IVF (Inverted File Index)

IVF partitions vectors into clusters using k-means, then searches only the most relevant clusters during query time.

  • How it works: During indexing, vectors are assigned to the nearest centroid. During search, the query is compared to centroids first, then only vectors in the closest nprobe clusters are searched.
  • Pros: Lower memory than HNSW, good for very large datasets, well-suited for GPU acceleration.
  • Cons: Requires training (k-means clustering), lower recall than HNSW at similar speed.

LSH (Locality Sensitive Hashing)

LSH uses hash functions that map similar vectors to the same bucket with high probability.
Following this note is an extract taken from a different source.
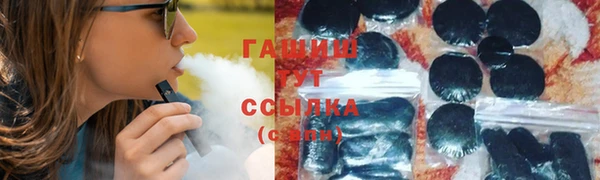 кокаин перу Заволжск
  • How it works: Multiple hash functions create "signatures" for each vector. Similar vectors collide in the same bucket. Search only compares vectors within matching buckets.
  • Pros: Very fast for high-dimensional data, easy to distribute.
  • Cons: Lower recall than HNSW and IVF, requires careful tuning of hash functions.

Product Quantization (PQ)

PQ compresses vectors by splitting them into sub-vectors and quantizing each independently. This is often combined with IVF (IVF-PQ) to reduce memory usage dramatically.

  • How it works: A 1536-dimension vector is split into, say, 96 sub-vectors of 16 dimensions each. Each sub-vector is replaced by the index of its nearest centroid from a codebook.
  • Pros: 10–100x memory reduction, enables billion-scale search on a single machine.
  • Cons: Lossy compression — reduces recall accuracy. Requires training codebooks.

Distance Metrics

Distance metrics determine how "closeness" between vectors is calculated. The choice of metric matters and should match how your embedding model was trained.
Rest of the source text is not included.